Abstract: We studied transport properties of liquid Pu with quantum molecular dynamics (QMD) simulations. We focused on calculating viscosity and diffusion properties from autocorrelation function. Our results are in good agreement with experiment in the range of measurement. There is obvious difference between our results and reference at lower temperatures and they show good agreement at relatively higher temperatures. Structures of autocorrelation function of off-diagonal components of stress tensor (STACF) and velocity autocorrelation function (VACF) at lower temperatures are observed and they exhibit correlated liquid-like behavior. Extrapolating autocorrelation function in t→∞ limit leads to larger error for viscosity and diffusion coefficient of correlated liquid. We obtain accurate viscosity and diffusion coefficient of liquid Pu from long simulation trajectories.

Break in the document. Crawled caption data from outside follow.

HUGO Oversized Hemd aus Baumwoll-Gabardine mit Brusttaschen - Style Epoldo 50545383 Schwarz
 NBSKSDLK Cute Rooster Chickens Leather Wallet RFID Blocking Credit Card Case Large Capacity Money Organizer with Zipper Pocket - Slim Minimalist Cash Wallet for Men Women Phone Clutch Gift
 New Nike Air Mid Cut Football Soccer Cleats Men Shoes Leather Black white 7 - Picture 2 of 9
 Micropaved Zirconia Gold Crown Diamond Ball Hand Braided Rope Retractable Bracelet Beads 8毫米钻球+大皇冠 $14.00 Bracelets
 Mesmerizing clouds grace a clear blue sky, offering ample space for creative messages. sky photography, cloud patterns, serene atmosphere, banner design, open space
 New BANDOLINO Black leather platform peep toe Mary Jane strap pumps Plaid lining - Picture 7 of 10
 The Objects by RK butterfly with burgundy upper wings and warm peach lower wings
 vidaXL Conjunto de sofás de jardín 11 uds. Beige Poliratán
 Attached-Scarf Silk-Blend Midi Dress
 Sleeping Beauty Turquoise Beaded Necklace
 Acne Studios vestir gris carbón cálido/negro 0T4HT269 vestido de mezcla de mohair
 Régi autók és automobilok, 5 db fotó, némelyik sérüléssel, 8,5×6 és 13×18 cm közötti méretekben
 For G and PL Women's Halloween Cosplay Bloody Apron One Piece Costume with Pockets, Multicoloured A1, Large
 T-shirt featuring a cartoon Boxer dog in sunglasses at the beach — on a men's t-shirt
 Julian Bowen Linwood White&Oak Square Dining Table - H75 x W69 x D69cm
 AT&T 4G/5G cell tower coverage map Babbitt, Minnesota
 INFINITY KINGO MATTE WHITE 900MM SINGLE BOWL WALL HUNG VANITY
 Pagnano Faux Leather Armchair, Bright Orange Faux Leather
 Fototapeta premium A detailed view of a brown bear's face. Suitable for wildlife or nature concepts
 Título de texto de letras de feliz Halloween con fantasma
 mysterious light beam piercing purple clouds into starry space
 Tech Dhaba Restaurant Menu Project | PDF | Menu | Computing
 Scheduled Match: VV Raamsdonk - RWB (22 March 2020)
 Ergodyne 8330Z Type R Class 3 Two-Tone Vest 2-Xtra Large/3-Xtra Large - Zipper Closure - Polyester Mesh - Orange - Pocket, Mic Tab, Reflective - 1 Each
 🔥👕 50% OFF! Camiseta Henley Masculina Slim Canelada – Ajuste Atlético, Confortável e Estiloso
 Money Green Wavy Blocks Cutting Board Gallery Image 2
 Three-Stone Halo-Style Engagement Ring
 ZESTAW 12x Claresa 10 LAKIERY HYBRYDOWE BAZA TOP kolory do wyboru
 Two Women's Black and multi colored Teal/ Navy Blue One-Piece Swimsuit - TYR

Key words: quantum molecular dynamics simulation, liquid Pu, viscosity, diffusion coefficient

CLC Number:

WANG Shuaichuang, ZHANG Gongmu, SUN Bo, SONG Haifeng, TIAN Mingfeng, FANG Jun, LIU Haifeng. Quantum Molecular Dynamics Simulations of Transport Properties of Liquid Plutonium[J]. CHINESE JOURNAL OF COMPUTATIONAL PHYSICS, 2019, 36(3): 253-258.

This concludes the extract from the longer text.